▶ _Exercise brief_
After locating the line that contains "Ndk Nest 2br In The Heart Of شقة *" in the data below, set down exactly that line and each one after it through the line that contains "Bellingham, Massachusetts 02019, United", and nothing more.

##### Material provided #####

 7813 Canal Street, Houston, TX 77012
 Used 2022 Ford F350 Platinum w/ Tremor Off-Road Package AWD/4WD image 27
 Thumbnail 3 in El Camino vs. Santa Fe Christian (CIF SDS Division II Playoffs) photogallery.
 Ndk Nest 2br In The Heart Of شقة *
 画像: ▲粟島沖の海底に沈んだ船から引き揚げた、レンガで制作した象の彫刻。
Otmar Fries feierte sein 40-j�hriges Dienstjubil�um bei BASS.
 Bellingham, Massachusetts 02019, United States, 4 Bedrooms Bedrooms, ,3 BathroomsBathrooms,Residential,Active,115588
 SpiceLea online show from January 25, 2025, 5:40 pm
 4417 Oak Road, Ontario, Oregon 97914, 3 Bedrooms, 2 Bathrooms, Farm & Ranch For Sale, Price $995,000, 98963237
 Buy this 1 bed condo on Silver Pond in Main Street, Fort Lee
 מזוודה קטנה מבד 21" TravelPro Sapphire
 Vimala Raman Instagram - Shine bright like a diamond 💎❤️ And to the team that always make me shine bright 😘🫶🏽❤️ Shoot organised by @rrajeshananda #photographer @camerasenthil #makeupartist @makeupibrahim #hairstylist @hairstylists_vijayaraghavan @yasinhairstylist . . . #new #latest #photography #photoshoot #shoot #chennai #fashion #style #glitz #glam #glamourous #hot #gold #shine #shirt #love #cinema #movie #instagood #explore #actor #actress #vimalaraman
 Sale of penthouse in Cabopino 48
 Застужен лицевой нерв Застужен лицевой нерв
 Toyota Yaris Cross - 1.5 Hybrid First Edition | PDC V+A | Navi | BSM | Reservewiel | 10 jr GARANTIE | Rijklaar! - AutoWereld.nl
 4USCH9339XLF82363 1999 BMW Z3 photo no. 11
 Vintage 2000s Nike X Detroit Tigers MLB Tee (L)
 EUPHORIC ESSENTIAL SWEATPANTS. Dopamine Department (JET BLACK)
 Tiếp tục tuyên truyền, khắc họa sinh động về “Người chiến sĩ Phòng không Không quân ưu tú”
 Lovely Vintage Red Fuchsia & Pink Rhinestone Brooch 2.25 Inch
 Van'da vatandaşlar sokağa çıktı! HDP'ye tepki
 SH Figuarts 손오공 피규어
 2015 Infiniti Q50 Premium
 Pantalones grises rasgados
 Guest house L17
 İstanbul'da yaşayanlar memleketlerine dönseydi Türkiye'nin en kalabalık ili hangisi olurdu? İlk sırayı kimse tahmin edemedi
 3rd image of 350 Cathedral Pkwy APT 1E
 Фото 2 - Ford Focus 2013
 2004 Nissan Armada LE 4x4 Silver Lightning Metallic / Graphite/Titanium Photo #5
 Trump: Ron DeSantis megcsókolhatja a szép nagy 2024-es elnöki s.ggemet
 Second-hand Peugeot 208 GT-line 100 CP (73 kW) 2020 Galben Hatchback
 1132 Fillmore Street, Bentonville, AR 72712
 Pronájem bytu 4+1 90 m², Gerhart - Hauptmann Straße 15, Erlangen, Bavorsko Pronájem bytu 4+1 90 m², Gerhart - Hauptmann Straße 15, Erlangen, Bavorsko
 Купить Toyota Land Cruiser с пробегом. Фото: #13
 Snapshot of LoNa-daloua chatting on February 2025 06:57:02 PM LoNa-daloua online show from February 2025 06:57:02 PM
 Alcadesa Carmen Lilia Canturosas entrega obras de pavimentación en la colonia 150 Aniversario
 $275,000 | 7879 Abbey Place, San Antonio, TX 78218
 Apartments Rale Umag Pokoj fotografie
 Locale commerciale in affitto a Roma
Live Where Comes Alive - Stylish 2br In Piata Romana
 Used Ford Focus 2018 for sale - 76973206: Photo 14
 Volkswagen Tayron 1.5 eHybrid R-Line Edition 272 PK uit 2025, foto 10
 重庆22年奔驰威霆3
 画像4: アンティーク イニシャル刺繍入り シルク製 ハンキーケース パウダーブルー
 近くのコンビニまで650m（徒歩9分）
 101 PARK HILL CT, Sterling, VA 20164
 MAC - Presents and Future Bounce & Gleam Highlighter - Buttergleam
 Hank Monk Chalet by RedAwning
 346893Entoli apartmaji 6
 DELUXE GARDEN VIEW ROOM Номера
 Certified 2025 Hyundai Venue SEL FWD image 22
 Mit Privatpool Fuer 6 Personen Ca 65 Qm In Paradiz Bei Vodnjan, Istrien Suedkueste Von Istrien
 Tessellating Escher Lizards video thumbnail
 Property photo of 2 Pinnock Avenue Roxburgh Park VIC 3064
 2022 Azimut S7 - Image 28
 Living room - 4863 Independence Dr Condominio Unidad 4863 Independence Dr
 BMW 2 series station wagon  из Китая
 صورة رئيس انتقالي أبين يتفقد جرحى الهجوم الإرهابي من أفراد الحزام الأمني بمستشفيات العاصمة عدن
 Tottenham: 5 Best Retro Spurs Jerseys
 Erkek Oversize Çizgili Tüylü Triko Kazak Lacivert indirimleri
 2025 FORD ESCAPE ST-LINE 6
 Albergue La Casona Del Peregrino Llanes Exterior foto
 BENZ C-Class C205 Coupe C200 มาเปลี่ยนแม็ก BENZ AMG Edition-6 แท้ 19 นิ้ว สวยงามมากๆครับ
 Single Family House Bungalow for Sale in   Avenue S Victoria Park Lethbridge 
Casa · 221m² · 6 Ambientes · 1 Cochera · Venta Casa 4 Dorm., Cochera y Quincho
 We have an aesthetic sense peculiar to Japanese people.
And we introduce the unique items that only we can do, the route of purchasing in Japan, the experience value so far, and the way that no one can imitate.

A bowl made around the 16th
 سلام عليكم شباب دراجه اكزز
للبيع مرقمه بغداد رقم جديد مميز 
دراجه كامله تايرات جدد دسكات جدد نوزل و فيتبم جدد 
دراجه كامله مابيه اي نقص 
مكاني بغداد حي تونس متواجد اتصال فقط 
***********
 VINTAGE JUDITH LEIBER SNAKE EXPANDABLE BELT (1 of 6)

#####

▶ _Answer section_
 Ndk Nest 2br In The Heart Of شقة *
 画像: ▲粟島沖の海底に沈んだ船から引き揚げた、レンガで制作した象の彫刻。
Otmar Fries feierte sein 40-j�hriges Dienstjubil�um bei BASS.
 Bellingham, Massachusetts 02019, United States, 4 Bedrooms Bedrooms, ,3 BathroomsBathrooms,Residential,Active,115588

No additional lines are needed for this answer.